The Palace is a 2011 Cypriot–Australian short film co-production, written and directed by Anthony Maras, that had its international premiere at the 2011 Telluride Film Festival and won Best Short Fiction Film and Best Screenplay in a Short Film in the 2012 Australian Academy of Cinema and Television Arts Awards.

The Palace also won top honors at a number of other film festivals and awards ceremonies including the 2012 Beverly Hills Film Festival, 2011 Sydney Film Festival (Best Short Fiction Film), 2011 Melbourne International Film Festival (Best Australian Short Film), 2012 Flickerfest International Festival of Short Films (Best Australian Short Film) and the 2011 Adelaide Film Festival (Best Short Film – Audience Award). Filmmaker Anthony Maras won the 2011 AFTRS IF Award for Rising Talent on the strength of this film and others.

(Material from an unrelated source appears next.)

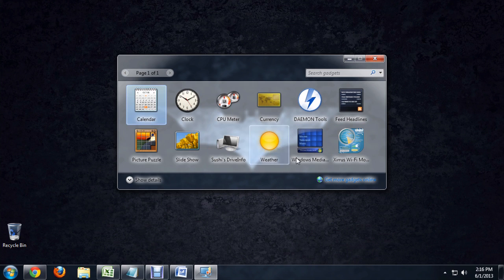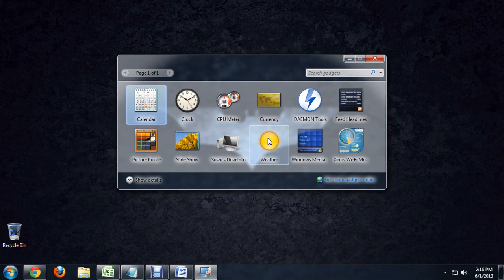And these are a bunch of gadgets that are installed on my computer. Some of them are default, like the clock, and then I've got a couple others I've installed.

The Palace was produced by AntHouse Films, Cyan Films and SeaHorse Films, as an Australia–Cyprus co-production.

Reception
The Palace has received strong critical and audience acclaim.

At the 2011 Melbourne International Film Festival Morgan Spurlock, the Academy Award Nominated Director of Super Size Me, declared The Palace "One of the best short films I’ve ever seen...”.

Box Office magazine's Pete Hammond commented "The Palace is riveting, suspenseful first class filmmaking. In just its short running time it manages to be every bit as accomplished, compelling and provocative as any full-length feature.  The Palace marks the emergence of a major filmmaker in Anthony Maras."

Peter Krausz, Chair of the Australian Film Critics Association, concluded his review after also seeing the film at the Melbourne International Film Festival ”This is pure film-making to the highest degree...”

Cine Outsider's Timothy E. Raw wrote "Director Maras' choke-hold on the audience only tightens, suspense building not to a point of release, but asphyxiating hysteria ... sixteen minutes of non-stop action that rivals the highest Hollywood standards and on more than one occasion surpasses them with blitzkrieg duck n' cover staging".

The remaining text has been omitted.